How to restructure cloud computing? Amazon Cloud Technology continues hardware innovation to help enterprises implement generative AI

In 2023, the innovative power of generative AI is accelerating across the world, demonstrating its powerful capabilities to the world through innovative practices in image and video generation, human-computer dialogue and other fields. However, in the process of implementing generative AI, enterprises often encounter problems such as lack of sufficient computing power and difficulty in completing large model training, which has become the last barrier to the commercial implementation of generative AI.

eef2b527514b509964092a4c17d88e3a.png

At the re:Invent 2023 conference, Amazon Cloud Technology started from the computing power pain points of enterprise-level generative AI and released a number of new hardware chips such as the powerful and lower energy consumption Amazon Graviton4, and the high-performance Amazon Trainium2 for model training. , covering multiple fields such as processors, model training, virtualization system architecture, and supercomputing, it has introduced infrastructure innovation for the development of generative AI with its strong force, and opened the curtain on a new era of enterprise-level generative AI.

A new generation of self-developed processor chipsAmazon Graviton4

Bring stronger performance instances

ed12952c55737d28444b83942d450c94.jpeg

The implementation of generative AI is inseparable from powerful computing power, and processor chips are naturally one of the main sources of computing power. Compared with Amazon Graviton 3, Amazon Graviton 4, the latest processor chip released by Amazon Cloud Technology, has 30% faster processing speed, 50% more cores, 75% more memory bandwidth, and can speed up database applications by 40%. , will increase the speed of processing large Java applications by 45%.

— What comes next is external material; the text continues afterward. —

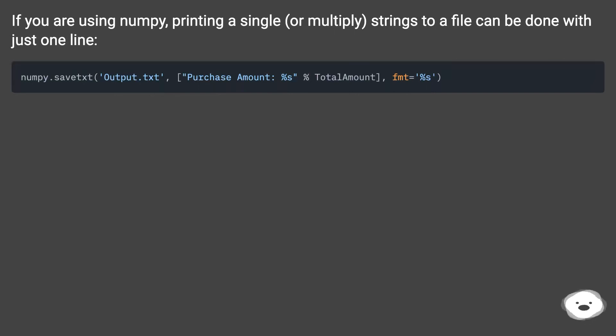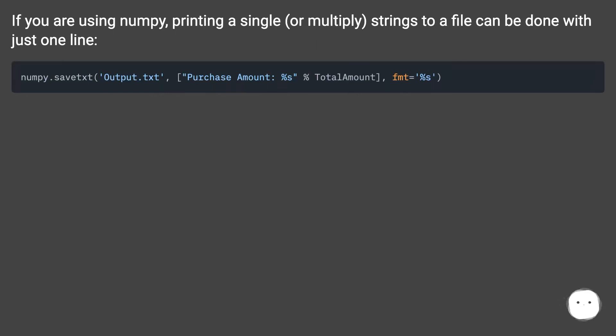If you are using numpy, printing a single, or multiply, strings to a file can be done with just one line.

e977f2849b8091a17af65b1074329355.jpeg

Amazon Graviton4

In terms of core, Amazon Graviton4 uses the "Demeter" Neoverse V2 core based on the ARM v9 architecture, while Amazon Graviton3 uses the "Zeus" V1 core. The number of instructions per clock cycle of the V2 core is 13% higher than that of V1. The increase in the number of Amazon Graviton cores brings a final performance increase of 30% (at the same time, the performance per watt is basically the same as Amazon Graviton3);

In terms of core count, the Amazon Graviton4 kit has 96 V2 cores, which is 50% higher than Amazon Graviton3 and Amazon Graviton3E;

In terms of memory controllers, Amazon Graviton4 is packaged with 12 DDR5 controllers, while Amazon Graviton3 previously had only 8 DDR5 memory controllers. In addition, the DDR5 memory used by Amazon Graviton4 is also 16.7% faster, reaching 5.6 GHz. To sum up, Amazon Graviton4 has 536.7 GB/sec of memory bandwidth per socket, which is 75% higher than the 307.2 GB/sec of the previous Amazon Graviton3 and Amazon Graviton3E processors. Amazon Graviton 4 is currently available in preview in the latest R8g instances; it has 3x the vCPU and memory compared to R7g.

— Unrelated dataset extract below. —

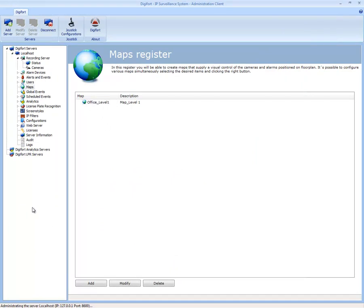If I open up my map within my Surveillance Client, I've got full functionality of my map, and I can view my cameras and so forth.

a63c9250f7d9007f7caac3390f826afa.jpeg

Amazon Comparison of past generations of Graviton chips, from left to right, generations 1 to 4

At the same time, because the entire range of Amazon Graviton processors adopts the ARM architecture, compared with similar instances based on x86 Amazon Cloud Technology, the cost of Amazon EC2 instances using Amazon Graviton chips can be reduced by up to 20%. In comparison, up to 60% energy can be saved while achieving the same performance.

Currently, 150 Amazon Cloud Technology computing instance types use Amazon Graviton processors, and more than 50,000 customers, including the Top 100 customers, are using these instances. The launch of Amazon Graviton4 will further improve the performance of instances based on Amazon Graviton processor chips, helping enterprises obtain more cost-effective computing power.

New generation training chip Amazon Trainium2‍

Improve the efficiency of large model training

On the other hand, many companies have begun to train their own large generative AI models. At this time, they will find that they need specialized model training chips. Amazon Trainium2, a new generation training chip released by Amazon Cloud Technology, is specially optimized for the training of large models. Compared with the previous generation chip, the performance has been improved to 4 times, the memory capacity is increased to 3 times, and the energy efficiency is increased to 2 times.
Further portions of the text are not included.